• **Task description**:
The answer is a number and nothing else: the count of lines in these entries containing the word "vector".

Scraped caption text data
↓
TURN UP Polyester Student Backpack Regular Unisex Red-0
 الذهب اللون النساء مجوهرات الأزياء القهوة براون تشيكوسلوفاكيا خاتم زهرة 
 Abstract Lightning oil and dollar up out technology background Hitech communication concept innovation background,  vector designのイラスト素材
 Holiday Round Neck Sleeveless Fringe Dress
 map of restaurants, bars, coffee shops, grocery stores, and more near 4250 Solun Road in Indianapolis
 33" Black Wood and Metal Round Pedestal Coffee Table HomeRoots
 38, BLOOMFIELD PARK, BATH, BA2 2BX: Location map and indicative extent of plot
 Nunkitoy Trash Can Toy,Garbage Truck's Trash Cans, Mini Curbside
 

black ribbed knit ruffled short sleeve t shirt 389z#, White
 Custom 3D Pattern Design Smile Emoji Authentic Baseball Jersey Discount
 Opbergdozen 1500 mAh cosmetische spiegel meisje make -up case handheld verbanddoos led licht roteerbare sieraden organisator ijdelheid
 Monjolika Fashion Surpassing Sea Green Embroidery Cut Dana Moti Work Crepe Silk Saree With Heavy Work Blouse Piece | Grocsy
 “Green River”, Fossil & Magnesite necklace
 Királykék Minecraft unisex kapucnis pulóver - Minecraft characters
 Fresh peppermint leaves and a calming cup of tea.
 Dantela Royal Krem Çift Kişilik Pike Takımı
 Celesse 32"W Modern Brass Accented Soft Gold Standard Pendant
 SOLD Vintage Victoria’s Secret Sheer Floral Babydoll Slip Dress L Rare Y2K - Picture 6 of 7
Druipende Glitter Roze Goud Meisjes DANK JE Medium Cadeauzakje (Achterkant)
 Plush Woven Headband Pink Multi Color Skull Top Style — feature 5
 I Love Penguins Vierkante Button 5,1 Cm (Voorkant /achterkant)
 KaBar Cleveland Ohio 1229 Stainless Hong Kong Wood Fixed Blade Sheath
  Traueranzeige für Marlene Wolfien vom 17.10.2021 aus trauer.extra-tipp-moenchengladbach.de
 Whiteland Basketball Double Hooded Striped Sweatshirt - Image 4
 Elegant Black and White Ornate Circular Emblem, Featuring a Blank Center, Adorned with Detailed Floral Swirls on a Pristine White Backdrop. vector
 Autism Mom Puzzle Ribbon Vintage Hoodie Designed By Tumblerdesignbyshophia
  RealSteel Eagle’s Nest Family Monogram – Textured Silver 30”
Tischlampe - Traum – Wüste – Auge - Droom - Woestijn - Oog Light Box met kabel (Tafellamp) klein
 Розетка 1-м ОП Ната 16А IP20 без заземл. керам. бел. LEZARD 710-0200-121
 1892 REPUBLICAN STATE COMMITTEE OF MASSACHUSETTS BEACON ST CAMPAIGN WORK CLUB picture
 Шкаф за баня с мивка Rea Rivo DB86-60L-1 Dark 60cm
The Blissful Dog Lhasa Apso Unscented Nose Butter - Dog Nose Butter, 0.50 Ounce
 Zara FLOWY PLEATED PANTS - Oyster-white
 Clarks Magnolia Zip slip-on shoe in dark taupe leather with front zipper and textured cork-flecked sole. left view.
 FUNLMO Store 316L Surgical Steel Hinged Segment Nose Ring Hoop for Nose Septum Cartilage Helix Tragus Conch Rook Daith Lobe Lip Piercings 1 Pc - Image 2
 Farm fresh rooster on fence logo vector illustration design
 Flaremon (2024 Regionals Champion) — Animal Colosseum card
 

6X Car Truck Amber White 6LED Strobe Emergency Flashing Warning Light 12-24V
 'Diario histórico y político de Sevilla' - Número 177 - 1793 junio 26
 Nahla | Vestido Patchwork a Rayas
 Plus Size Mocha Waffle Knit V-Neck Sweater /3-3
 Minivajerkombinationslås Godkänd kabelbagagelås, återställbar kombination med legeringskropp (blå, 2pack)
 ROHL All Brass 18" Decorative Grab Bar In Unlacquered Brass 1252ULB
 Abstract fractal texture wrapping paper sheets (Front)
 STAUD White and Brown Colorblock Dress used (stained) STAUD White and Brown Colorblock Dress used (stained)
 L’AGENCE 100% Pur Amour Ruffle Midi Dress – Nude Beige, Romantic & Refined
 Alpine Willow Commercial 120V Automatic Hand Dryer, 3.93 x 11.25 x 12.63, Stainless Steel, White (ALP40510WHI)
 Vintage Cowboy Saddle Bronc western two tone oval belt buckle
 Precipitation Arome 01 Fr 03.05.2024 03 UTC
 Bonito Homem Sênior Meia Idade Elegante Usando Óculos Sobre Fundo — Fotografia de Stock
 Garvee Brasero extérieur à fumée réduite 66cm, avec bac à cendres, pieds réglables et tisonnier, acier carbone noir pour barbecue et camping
↑
• **Task answer**:
3